Retype the listing found below exactly, but leave out each picture.

[DATASET EXCERPT]:
■ ■ ■ ■ ■

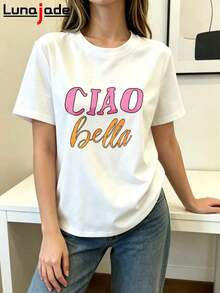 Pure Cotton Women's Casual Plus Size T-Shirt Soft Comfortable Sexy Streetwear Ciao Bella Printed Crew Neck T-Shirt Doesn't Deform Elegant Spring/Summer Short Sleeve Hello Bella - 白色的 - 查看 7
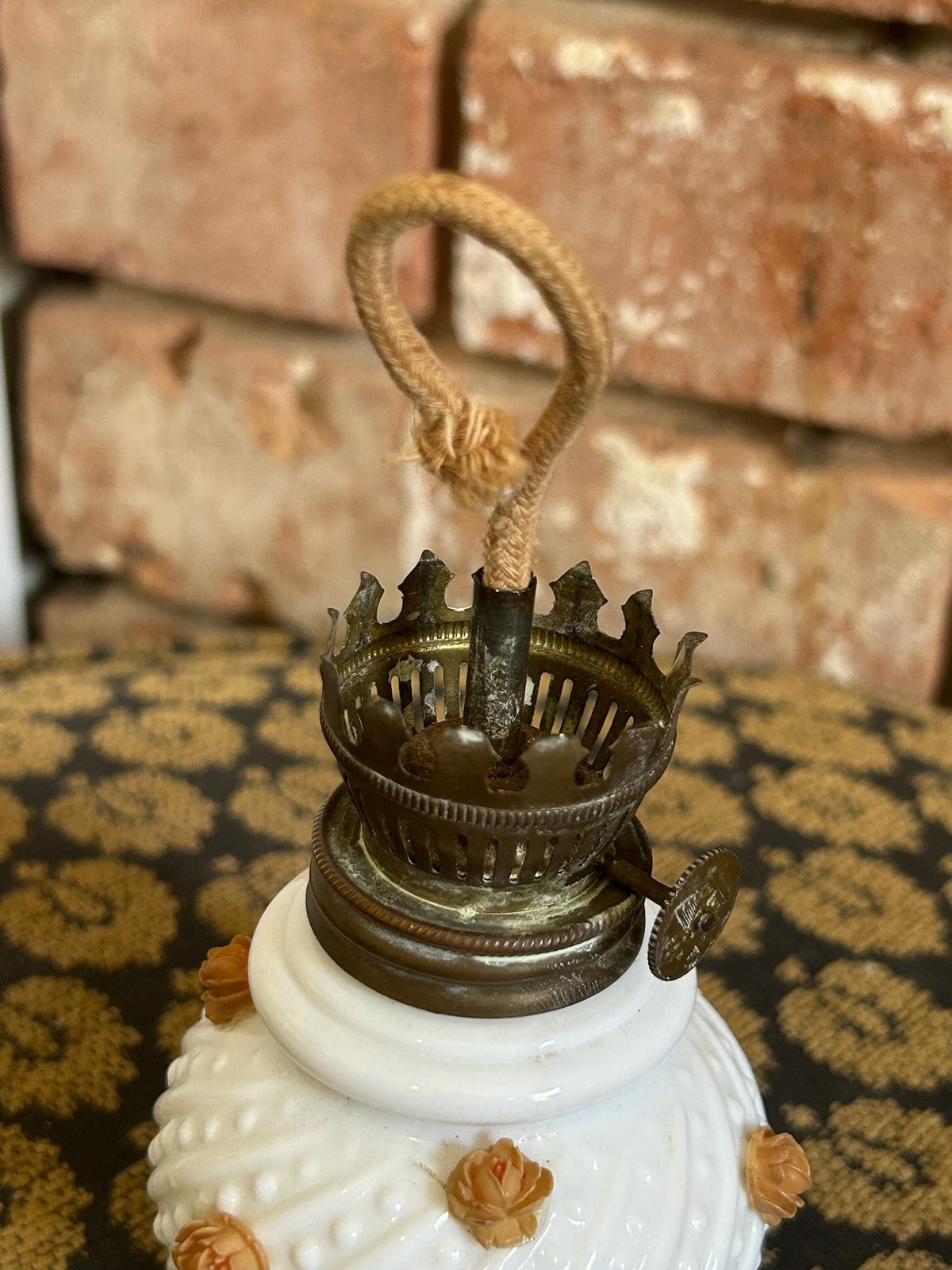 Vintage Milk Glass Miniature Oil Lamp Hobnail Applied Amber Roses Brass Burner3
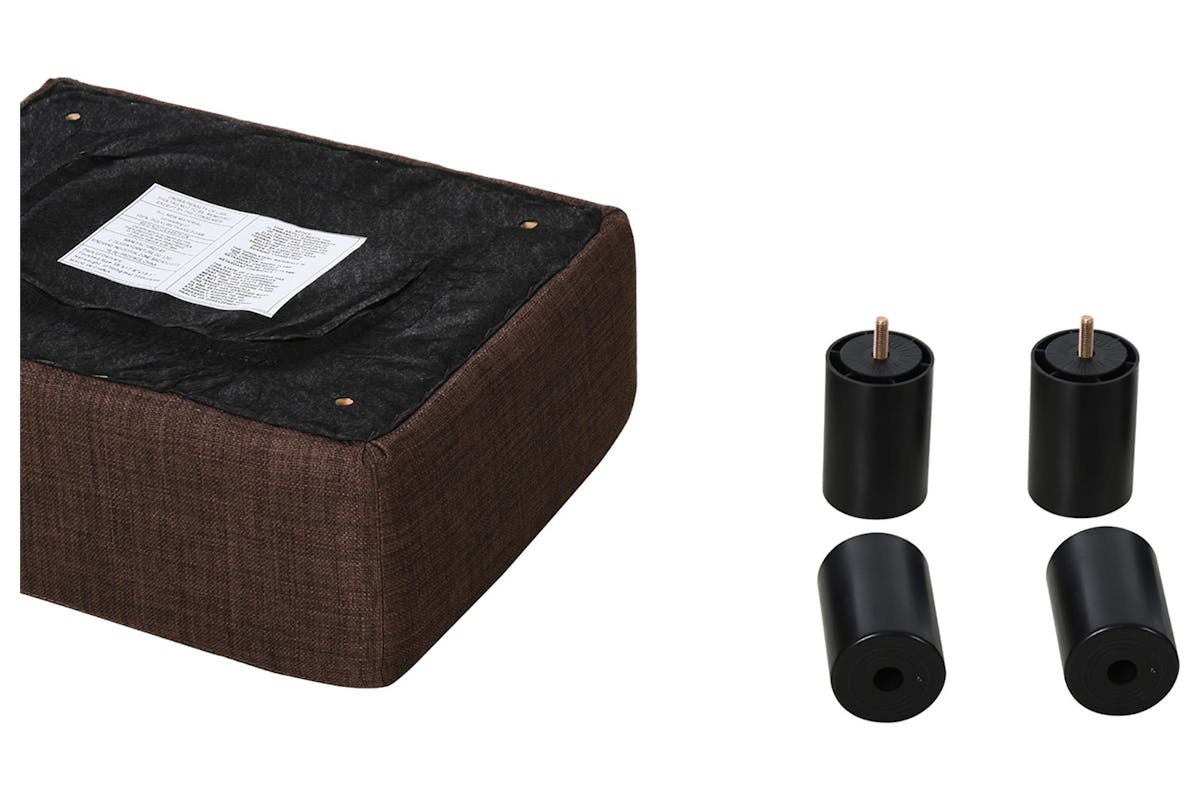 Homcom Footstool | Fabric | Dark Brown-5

■ ■ ■ ■ ■

[RESULT BELOW]:
 Pure Cotton Women's Casual Plus Size T-Shirt Soft Comfortable Sexy Streetwear Ciao Bella Printed Crew Neck T-Shirt Doesn't Deform Elegant Spring/Summer Short Sleeve Hello Bella - 白色的 - 查看 7
 Vintage Milk Glass Miniature Oil Lamp Hobnail Applied Amber Roses Brass Burner3
 Homcom Footstool | Fabric | Dark Brown-5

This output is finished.